Between his piano concerto nicknamed “Nights in the Gardens of Spain” (1909) or the opera La vida breve, and his song cycle Siete canciones populares españolas and his ballet El amor brujo (1915), he wrote music rooted in his native culture and full of significant expression. Federico Garcia Lorca reminds us that “the great artists of the Spanish South know very well that there is no real emotion in song, dance, or play, without the duende.”
Although this cycle of seven Spanish folksongs brings together melodies and rhythms from the North as well as the South of the country, the duende makes itself felt. Roman Kowal, who devoted a separate essay to these songs, saw in de Falla’s work “the endless cycle of the experience of love,” measured out by the sequence of emotions: “love – happiness – betrayal and – hate,” when one’s lips pronounce the curse of “malaya el amor, malaya!” He saw the seven songs as “a great arch of lament, as an arrested cry, noble, worthy of a Spaniard.”
∙ El paño moruno is an Andalusian solea, song of solitude, jeering and bitter. The songs asks unanswerable questions, the piano gives an impression of a guitar.
∙ Seguidilla murciana. This dance, akin to a bolero, comes from Murcia that borders on Andalusia. Condemnation and curses: “You are like money, going from hand to hand!”
∙ Asturiana is a subdued, lyrical lamento, based on a song from those parts: “the pine wept with me.”

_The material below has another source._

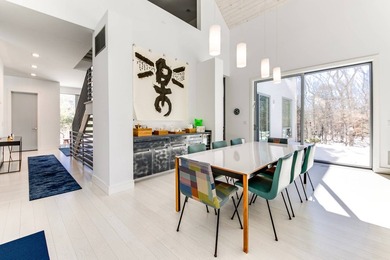 This beautifully crafted, extraordinary private and quiet Modern - photo 6
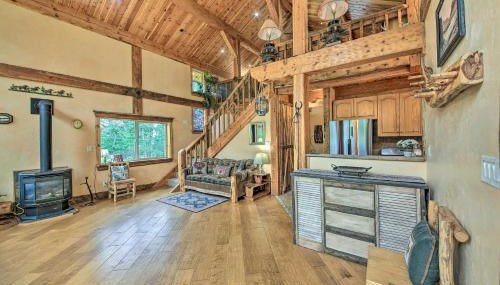 Private Deck and Mtn Views Family Getaway in Eureka - Foto 4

∙ Jota. This dancing song, of Aragonian origin, is on the antipodes of canto hondo. “Farewell! Farewell… until tomorrow.”
∙ Naña. A new moment of lyrical musing: a lullaby weaves an arabesque of a melody over a piano ostinato. It borders on silence: „Sleep, my child, sleep.”
∙ Canción is a song of curse and contempt. “How treacherous are your eyes! Let them be buried!”
∙ Polo is a return to the point of departure, the canto hondo of Andalusia, a solea, a lonely man’s complaint of his fate, more cried out than sung.